The breeze drifting through the open kitchen windows smelled wetter than the day before, and hazy light filtered through the stained glass pentacle. Their break from unseasonably warm weather had passed. Summer could smell rain waiting in the clouds. It was sure to hit by the afternoon.

The smell of an impending storm was quickly replaced by the smell of gas as Gran lit the stove and grabbed a skillet. “I found the dress on the couch, by the way. Very nice.”

Summer’s ministrations paused, and Sir Lumpy registered his annoyance by jamming his face into her palm.

“Sorry. I was going to pick it up this morning,” she said.

Gran pulled a package of bacon out of the refrigerator. “You know I don’t care where you leave your dirty laundry. Pretty dress, though. If you weren’t running, were you on a date?”

“I was investigating the guy I told you about. The one that didn’t smell human.” Another head-butt from Sir Lumpy. She obediently rubbed her fingers over his wrinkled nose.

“And what did you learn in your investigations, Nancy Drew?” Gran asked as she dropped the entire rasher of bacon on the frying pan. She knew Summer’s appetite all too well.

I learned that Nash Adamson looks great shirtless and has a wardrobe filled with dresses in my size. Yeah, that was a little too freaky to admit out loud. “I don’t think he’s dangerous, but…I don’t know, Gran. Maybe my nose was confused.”

“So is he human?”

Summer watched the steam swirling off the surface of her coffee as she pondered the question.

Was he human? She had never met another man like him.

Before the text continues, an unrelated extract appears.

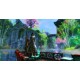Guild Wars 2: End of Dragons Deluxe Edition Digital Download CD Key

“I don’t know, but I don’t want anything to do with him,” Summer said.

A slow smile spread over Gran’s lips. “Oh, really.”

She focused hard on her coffee. There was no point in trying to lie. Gran knew everything. “I said it wasn’t a date. I didn’t say that he’s not stupefyingly sexy.”

“Sexy just means he’s likely to be twice as dangerous. I wish you would have told me that you planned on digging around. I would have come with you.”

“You would have brought the shotgun,” Summer said.

“Right. My shotgun and I would have come with you. That’s what I said, wasn’t it?”

“It’s hard to investigate from a jail cell.”

Gran laughed. “I’d like to see the army of police officers it would take to arrest you, babe. Anyway, I’m not saying I’d shoot anyone. I just worry about you.”

“No need to worry,” Summer said. “I’m officially done with this guy.”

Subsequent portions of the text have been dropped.